I internalized all of this. Maybe I was a hermit or an introvert to the max. Perhaps I had a vitamin deficiency. Maybe I was depressed — None of these options seemed too far from the truth. I had struggled with depression in the past, and I was pretty sure I wasn’t eating a balanced diet. I wanted friends but still couldn’t resist the urge to say no to invitations, already picturing how exhausted I would be in preparation for the outing and afterward.

But as the years went on, it finally hit me what the problem was. Sure, maybe it was me. But it was also them.

The gossip, the issues, and the constant talk of work or other drama were draining. There was a time in my life when I craved these things, and they filled a void in me that wanted to latch on to other people’s drama.
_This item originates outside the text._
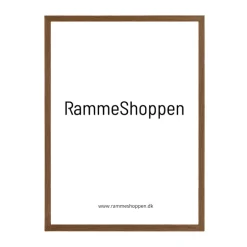 Ramme Fjord, Valnød på finér - Dansk håndværk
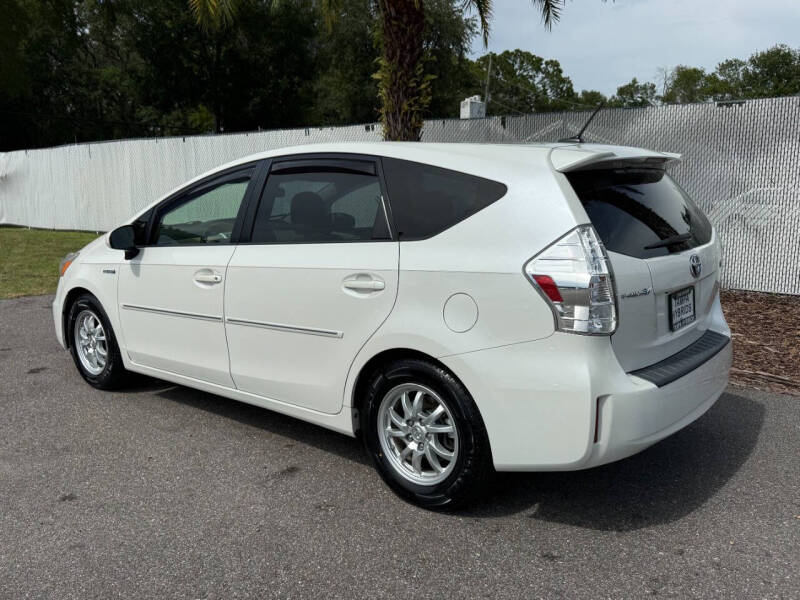 2012 Toyota Prius v Three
But as my confidence grew, I no longer found fulfillment in those things. In fact, I outwardly avoid it whenever possible.

I can allot a tolerance for personal and work drama during the workday. Because shit happens, and I can’t control that. I will be there to listen, console— whatever is needed. But that is only possible for me emotionally and mentally because after work, when my time is in my hands, the biggest thing I can control is who I do or do not spend it with.

So what if I want to recharge with my family? It’s what keeps me from yelling at someone at work who won’t stop complaining. So what if I spend the weekend in my pajamas? It’s why I can effortlessly appear in business casual during the week without complaining about the uniform. When I do choose to spend time with a coworker, they can rest assured that I’ve taken care of my needs and our connection is more than just surface level.

Isometimes feel like people misinterpret this: “Be the main character of your life” trend. Taking it to a level of selfishness, they expect friends to be there at a moment’s notice and for everyone to be as invested in their lives as they are. Being the main character of your life instead means setting boundaries so that you feel you are living your life for you. There is some selfishness, but not in the way the media portrays it. I may say no to your work outing, so I can go home and recharge before picking up my kids from school and taking them to gymnastics. That small rest was a selfish yes to myself because I have to carry myself with grace the remainder of the day as I tend to the needs of others around me.

The only way I can drop everything when my friend has an emotional emergency is because, all the while, I’ve set boundaries and lived my life in a balanced way for me.

So it’s okay that it’s you and not me. Because in your eyes, it’s exactly the opposite. Neither of us is in the wrong. Really! We simply both fill out cups in different ways. I won’t be spiteful, trip you in the hall, and ignore the hushed rumors that I hate everyone. Maybe it seems like I do. Or maybe the time hasn’t come for us to connect beyond the surface truly.